Favoriser le recours au dispositif : quels leviers d’action ?
Pour améliorer l’usage des dotations volontaires, plusieurs pistes sont à envisager :
Renforcer l’accompagnement des entreprises
L’information doit être mieux diffusée auprès des employeurs et des salariés. Les opérateurs de compétences (OPCO) jouent un rôle clé dans ce domaine, en accompagnant les entreprises dans la mise en œuvre des actions de formation et en proposant des conseils adaptés. Les réseaux d’enseignes favorisant l’échange de bonnes pratiques contribuent également à une meilleure appropriation du dispositif.
Des outils pédagogiques variés, tels que guides, vidéos, webinaires ou MOOC, sont plébiscités pour sensibiliser davantage les acteurs concernés. Un interlocuteur dédié, accessible par téléphone, peut aussi faciliter le suivi et le développement des dotations volontaires.
Clarifier le champ des formations éligibles
Certaines entreprises souhaitent élargir l’offre éligible au CPF, notamment en intégrant des diplômes universitaires, des formations techniques ou non certifiantes. Le découpage des formations en blocs de compétences est également une demande récurrente pour mieux adapter les parcours aux besoins spécifiques des salariés.
Il convient toutefois de concilier ces attentes avec les finalités du dispositif et les préoccupations des partenaires sociaux, qui veillent à éviter un usage abusif des dotations.
Développer la coconstruction des projets professionnels
Le dialogue entre employeur et salarié est essentiel pour valoriser les dotations volontaires comme un accord gagnant-gagnant. Les entretiens professionnels doivent intégrer systématiquement la question des dotations, en s’appuyant sur des cadres formalisés et des accords collectifs impliquant les partenaires sociaux.

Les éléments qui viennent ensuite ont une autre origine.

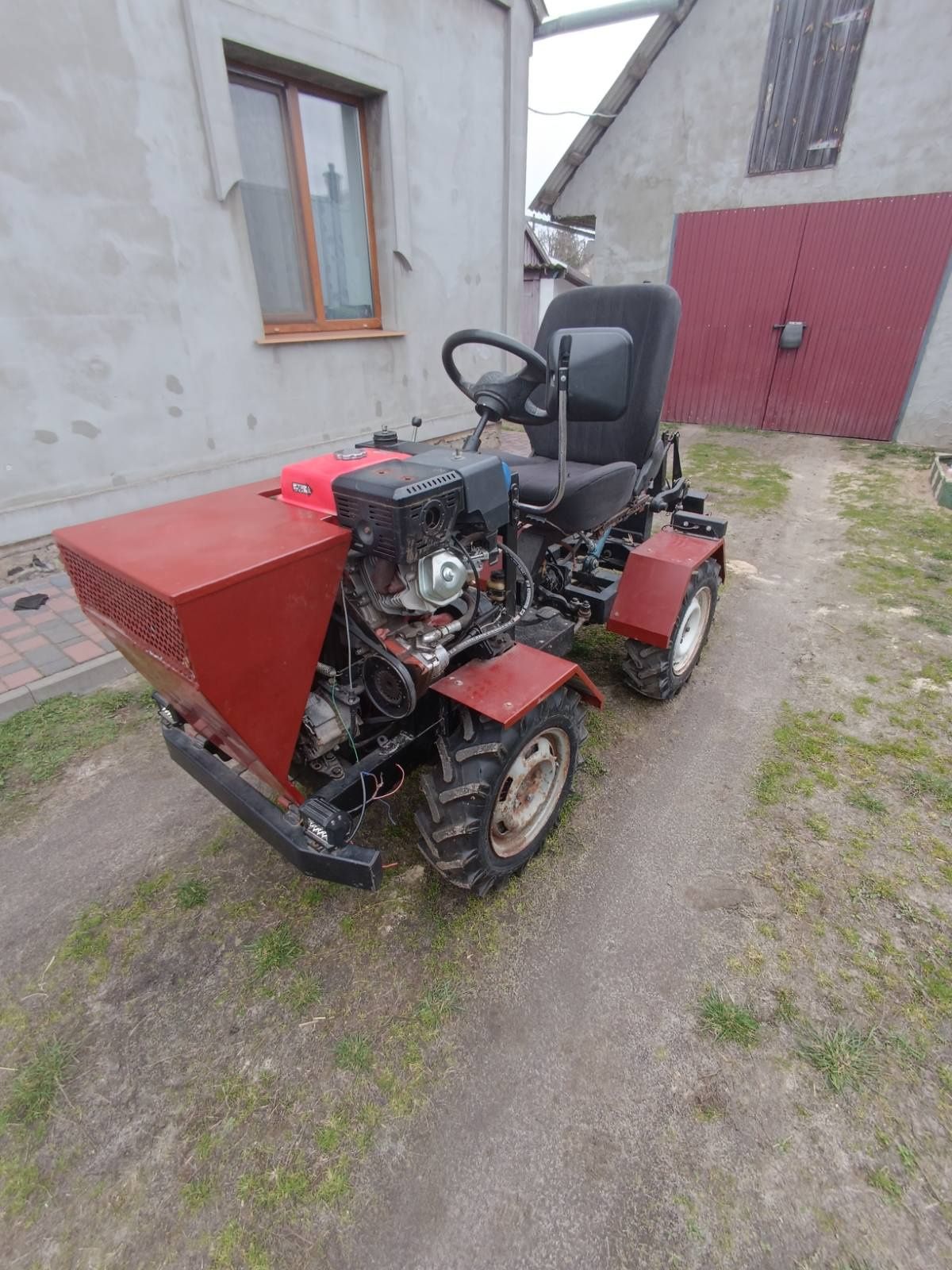 Продам тракторця.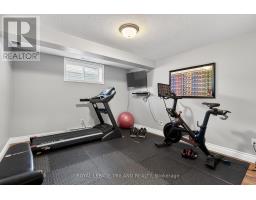 5 BARON CRESCENT - 40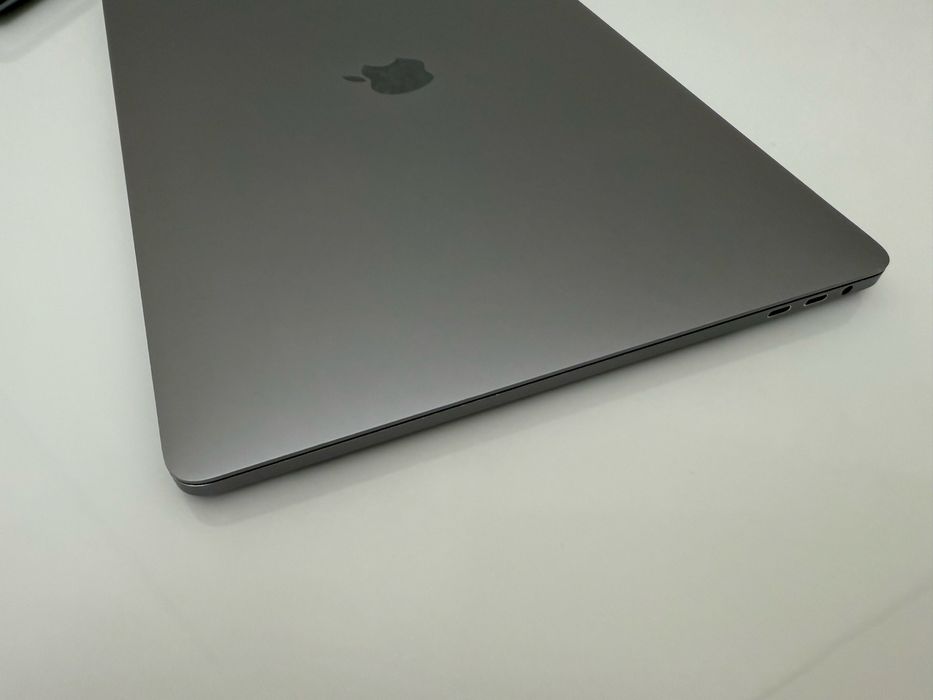 MacBook PRO 2017 15’4 Retina. Core i7/16/512/4GB VGA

Enfin, encourager la gestion des emplois et des parcours professionnels (GEPP) et promouvoir conjointement les dotations volontaires avec d’autres dispositifs comme la VAE ou le bilan de compétences peuvent renforcer leur utilisation stratégique.
En bref
Les dotations volontaires sur le CPF représentent un levier intéressant pour cofinancer la formation professionnelle en entreprise, mais leur potentiel reste largement sous-exploité. En combinant une meilleure information, un accompagnement adapté, une clarification des formations éligibles et un dialogue renforcé entre employeurs et salariés, ce dispositif pourrait gagner en attractivité et en efficacité. Pour les entreprises comme pour les salariés, il s’agit d’une opportunité à saisir pour construire des parcours professionnels plus dynamiques et adaptés aux enjeux actuels du marché du travail.